Adjoint of a compact operator between Hilbert space is compact

Question

Let's $H$ be a Hilbert space and $T:H \rightarrow H$ a compact map. Show that the adjoint operator $T^*$ is also compact.

I've been thinking a lot about this problem and this is what I've done:

It's known that $T$ is compact iff for every $D \subset H$ bounded, $\overline{T(D)}$ is compact.

Now, if $T':H' \rightarrow H': y'\mapsto y'\circ T$ is the transpose operator of $T$, we can write (by definition) as $T^*=\psi^{-1}\circ T' \circ \psi$, where $\psi:H \rightarrow H'$ is the Fréchet-Riesz map (bijective isometry).
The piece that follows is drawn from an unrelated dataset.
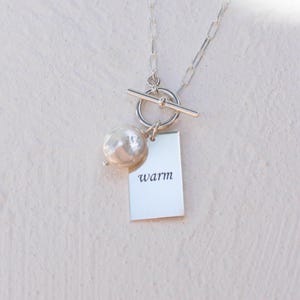 May include: A silver chain necklace featuring a toggle clasp, a single white baroque pearl, and a rectangular silver pendant engraved with the word warm in a black serif font. The necklace is composed of elongated oval links in a metallic finish.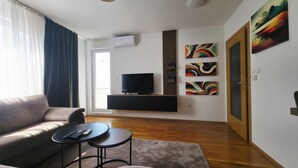Een moderne woonkamer met een bank, een televisie op een zwart dressoir, twee bijzettafels en een deur.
Then, given $D \subset H$ bounded: $$\overline{T^*(D)}=\overline{\psi^{-1}\circ T' \circ \psi (D)}=\overline{\psi^{-1}\circ (T'( \psi))(D)}=\overline{\psi^{-1}\circ (\psi \circ T)(D)}=\overline{(\psi^{-1}\circ \psi) \circ T (D)}=\overline{T(D)}$$ that is compact by hypothesis.

But I know that this proof must be necessary incorrect, because it would mean that $T=T^{*}$, what is false in general. I'd appreciate if someone help me to solve this problem. I've seen a similar question in: Easy Proof Adjoint(Compact)=Compact, but I'd like a proof avoiding using Ascoli-Arzelá. Thank you for your help.

Answer 1

Here is an answer using the idea that Cauchy sequences are convergent in complete spaces.

Answer 2

If you look at the Polar Decomposition, you can write $T=U(T^*T)^{1/2}$, and it follows that $U^*$ maps the closed range of $T$ onto the closed range of $T^*$. So if $T(X)$ is compact for a ball $X$, so is $T^*(X)=UT(X)$.

The Polar Decomposition can be used here in a second way, if you use the fact that compact operators form a closed ideal. Indeed, if $T$ is compact then so is $T^*T$, and thus $(T^*T)^{1/2}$. So $T^*=(T^*T)^{1/2}U$ is compact.